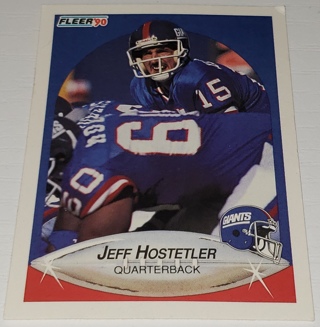 ♨️♨️ 1990 Fleer #67 Jeff Hostetler New York Giants WVU Mountaineers Rookie Football Card ♨️♨️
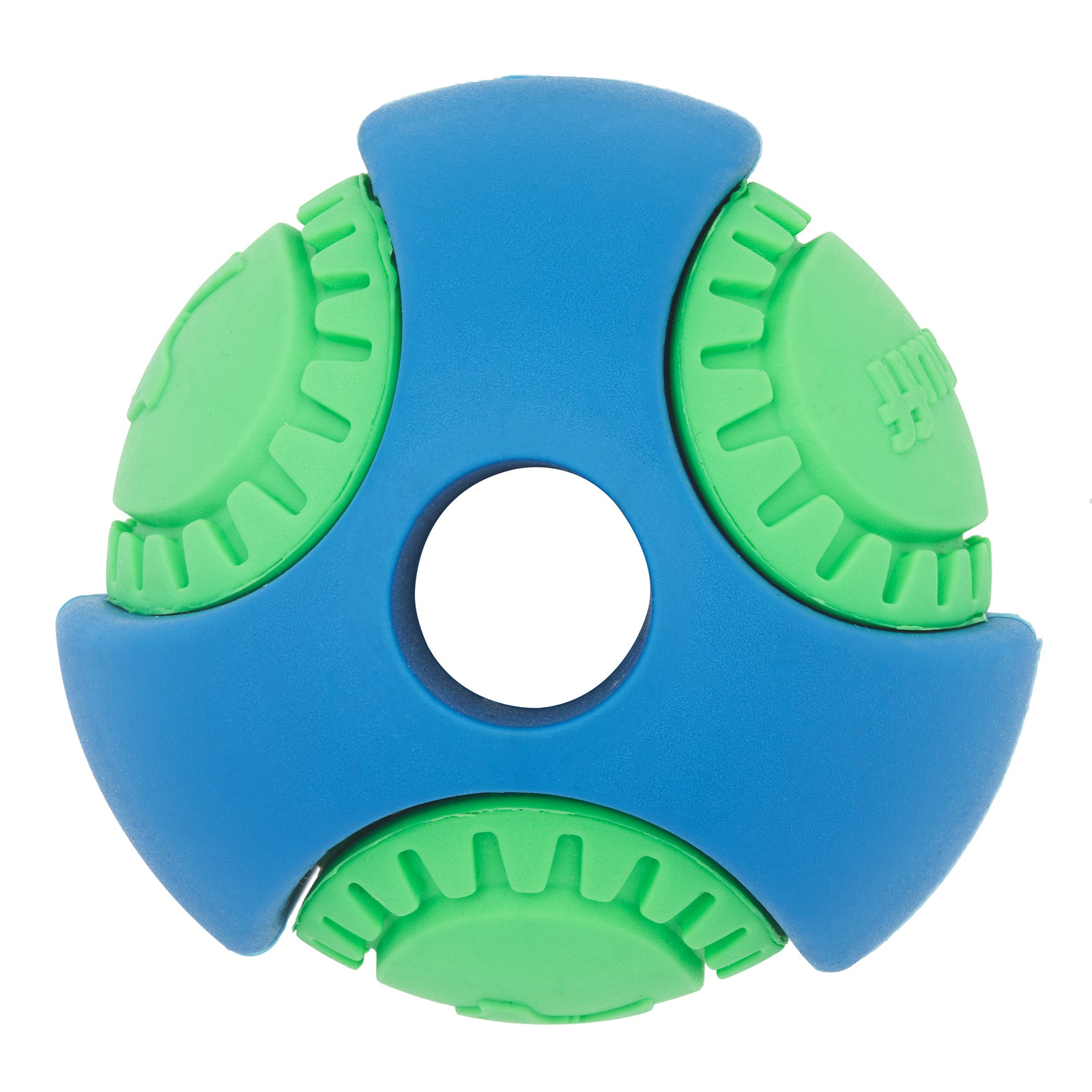 Blue and Green Side view to PowerBall toy for dogs.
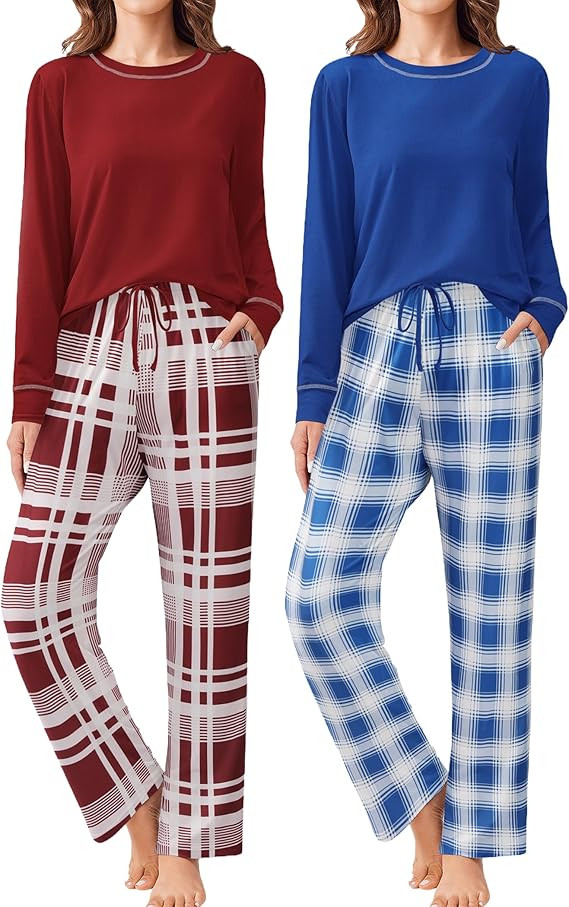 Ekouaer 2 Pack Women Pajama Long Sleeve Sleepwear Soft Loungewear Pjs Sets with Pockets S-XXL | Amazon (US)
========================================================================
## How to complete this task
Copy every line above exactly, leaving no picture in the copy.

## Solution
 ♨️♨️ 1990 Fleer #67 Jeff Hostetler New York Giants WVU Mountaineers Rookie Football Card ♨️♨️
 Blue and Green Side view to PowerBall toy for dogs.
 Ekouaer 2 Pack Women Pajama Long Sleeve Sleepwear Soft Loungewear Pjs Sets with Pockets S-XXL | Amazon (US)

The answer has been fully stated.